Army chief Abdel Fattah al-Sisi, who has emerged as Egypt’s most popular political figure, has not yet announced his candidacy but aides say he has decided to stand.

Officials close to Sisi told Agence France-Presse that he would step down as defence minister after the law was promulgated.

The law sets out the basic qualifications for candidacy and includes a measure criticised in some quarters that make all decisions by the electoral committee before and after the vote final and not subject to appeal.

With the adoption of the law, the electoral committee can now set a date for the election scheduled for this spring, presidential adviser for constitutional matters Ali Awad told a press conference.
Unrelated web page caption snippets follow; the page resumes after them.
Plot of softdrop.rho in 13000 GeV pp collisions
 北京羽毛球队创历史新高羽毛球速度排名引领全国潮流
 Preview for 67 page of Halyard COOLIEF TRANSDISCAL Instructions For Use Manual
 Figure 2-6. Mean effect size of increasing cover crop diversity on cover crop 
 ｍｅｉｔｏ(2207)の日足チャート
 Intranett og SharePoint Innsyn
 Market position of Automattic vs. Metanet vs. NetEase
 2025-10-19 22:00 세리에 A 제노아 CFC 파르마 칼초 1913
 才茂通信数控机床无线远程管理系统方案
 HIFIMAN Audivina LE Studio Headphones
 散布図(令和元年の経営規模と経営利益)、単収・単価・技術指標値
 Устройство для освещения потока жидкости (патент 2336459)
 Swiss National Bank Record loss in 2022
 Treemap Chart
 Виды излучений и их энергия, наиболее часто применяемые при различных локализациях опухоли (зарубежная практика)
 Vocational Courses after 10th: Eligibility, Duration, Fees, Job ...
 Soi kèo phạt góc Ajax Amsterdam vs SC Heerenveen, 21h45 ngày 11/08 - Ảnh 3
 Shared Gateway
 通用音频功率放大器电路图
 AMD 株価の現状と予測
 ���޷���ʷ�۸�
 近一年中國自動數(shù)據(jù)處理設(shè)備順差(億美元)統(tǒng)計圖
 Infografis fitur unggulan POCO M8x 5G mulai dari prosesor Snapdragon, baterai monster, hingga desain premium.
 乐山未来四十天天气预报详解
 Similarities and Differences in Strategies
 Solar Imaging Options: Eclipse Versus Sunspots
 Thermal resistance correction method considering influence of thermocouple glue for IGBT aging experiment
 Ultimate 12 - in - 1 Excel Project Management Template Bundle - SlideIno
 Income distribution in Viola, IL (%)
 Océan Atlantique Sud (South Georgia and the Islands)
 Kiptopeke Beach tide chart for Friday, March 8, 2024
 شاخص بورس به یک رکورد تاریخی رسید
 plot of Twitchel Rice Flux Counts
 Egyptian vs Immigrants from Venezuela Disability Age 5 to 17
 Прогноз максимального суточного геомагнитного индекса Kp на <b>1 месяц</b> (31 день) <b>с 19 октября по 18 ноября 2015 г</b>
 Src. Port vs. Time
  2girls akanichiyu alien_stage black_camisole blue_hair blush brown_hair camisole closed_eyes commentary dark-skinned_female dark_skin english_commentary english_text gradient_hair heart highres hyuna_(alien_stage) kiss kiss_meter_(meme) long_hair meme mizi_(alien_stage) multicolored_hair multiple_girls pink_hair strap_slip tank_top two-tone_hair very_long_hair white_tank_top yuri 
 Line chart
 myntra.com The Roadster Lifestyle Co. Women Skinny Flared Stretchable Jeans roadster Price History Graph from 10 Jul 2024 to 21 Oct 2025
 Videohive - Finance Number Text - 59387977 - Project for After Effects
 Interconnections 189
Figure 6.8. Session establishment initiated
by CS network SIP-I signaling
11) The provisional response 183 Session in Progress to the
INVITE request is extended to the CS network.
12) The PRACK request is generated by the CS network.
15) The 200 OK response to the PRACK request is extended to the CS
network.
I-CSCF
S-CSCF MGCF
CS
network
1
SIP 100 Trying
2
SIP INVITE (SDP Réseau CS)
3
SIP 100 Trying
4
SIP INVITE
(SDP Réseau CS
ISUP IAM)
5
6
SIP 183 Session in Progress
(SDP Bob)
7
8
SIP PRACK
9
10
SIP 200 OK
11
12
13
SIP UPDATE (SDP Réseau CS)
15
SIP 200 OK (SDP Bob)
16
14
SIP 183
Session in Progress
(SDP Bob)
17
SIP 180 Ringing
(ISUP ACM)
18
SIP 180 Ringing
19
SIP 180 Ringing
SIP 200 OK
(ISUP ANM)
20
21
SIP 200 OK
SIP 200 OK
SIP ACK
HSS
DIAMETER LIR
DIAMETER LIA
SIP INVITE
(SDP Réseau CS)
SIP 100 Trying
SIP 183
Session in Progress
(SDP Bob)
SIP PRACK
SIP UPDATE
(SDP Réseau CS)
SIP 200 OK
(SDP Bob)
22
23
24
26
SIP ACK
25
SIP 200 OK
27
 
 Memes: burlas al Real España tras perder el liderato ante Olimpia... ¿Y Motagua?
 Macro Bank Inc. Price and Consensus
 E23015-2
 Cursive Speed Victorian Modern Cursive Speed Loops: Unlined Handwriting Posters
It stipulates that presidential candidates be university graduates at least 40 years of age who have completed their military service and have Egyptian parents.

It bans any candidates who have themselves acquired a foreign nationality, or whose parents or spouse have.

It also stipulates that candidates need to secure the signatures of 25,000 voters from 15 provinces to qualify.

And it sets a 20 million Egyptian pounds (US$2.8 million) ceiling for campaign spending ahead of the first round and five million pounds in case of a run-off.

New constitution

In January, voters approved by 98.1 percent a new constitution that grants the military extensive powers but lacks much of the Islamist-inspired wording of the 2012 charter adopted under Morsi.

Under the charter, Egypt is to start procedures for parliamentary elections within six months of its adoption.

The decision to ban appeals was taken, in part, to speed up the electoral process given “the nature of the transitional period the country is going through and the security and economic crisis,” Awad added.

More than seven months after Morsi’s overthrow, Egypt remains battered by protests and militant attacks that have damaged its vital tourism industry and scared off investors.

Many Egyptians, weary of the three years of turmoil since the 2011 toppling of strongman Hosni Mubarak, view Sisi as a strong hand who can restore stability.

But the ban on appealing electoral committee decisions has already drawn criticism.

Emad Hamdy, is a spokesman for the leftist Popular Current, whose leader Hamdeen Sabahi has already announced his candidacy.

“The ban gives negative signals regarding the transparency of the election,” Hamdy said.

He added that “the president issued the decree without submitting it to a public debate… and political forces haven not seen it until now.”